Greyhound was a coastal trading vessel launched in Whitby in 1747 or possibly before that was wrecked in a storm off the coast of County Sligo on 12 December 1770. Lloyd's List reported on 1 January 1771 that Greyhound, Douthard, master, had been lost at Sligo while on the way from Galway to Whitby.

The wreck has been known locally as The butter boat.

==Vessel==
Greyhound was owned by a Mrs Alley in 1747 and was a transport in 1748.

==Wreck==
Greyhound had been caught in a storm off the coast of County Mayo. The crew could not get shelter in Broadhaven Bay and were forced to anchor near Erris Head. The crew abandoned ship, then realised they had forgotten the cabin boy. Some of the crew, along with volunteers and crew of a passing ship Mary, from Galway, returned to rescue him and managed to get aboard Greyhound. The storm was so bad that the vessel was driven ashore at Streedagh Ppoint, where 20 of the 21 on board drowned. The sole survivor had stayed on board and when the vessel settled on the beach he alerted people, but the others had already been lost.

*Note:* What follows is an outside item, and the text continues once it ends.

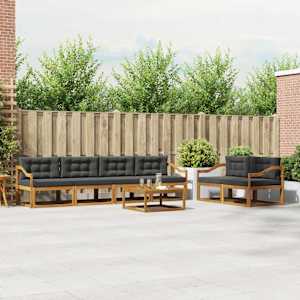 Zunanja garnitura za sedenje 7 pcs Naravna in antracitna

==Speculation on identity==
Over time, the identity of the wreck had been lost, leading to speculation that it might have been part of The Spanish Armada, or a tourist boat.

==Identification==
Oak timbers from the wreck were dated to some time after 1712 in the first half of the 18th century by dendrochronologist Dr. Aoife Daly. The National Monuments Service said that the timber was probably sourced from the English midlands or Yorkshire. This was cross-referenced to a database of over a hundred shipwrecks off the Sligo coast in the 18th and 19th centuries, the Irish Folklore Commission, and newspaper accounts, leading to the vessel being identified.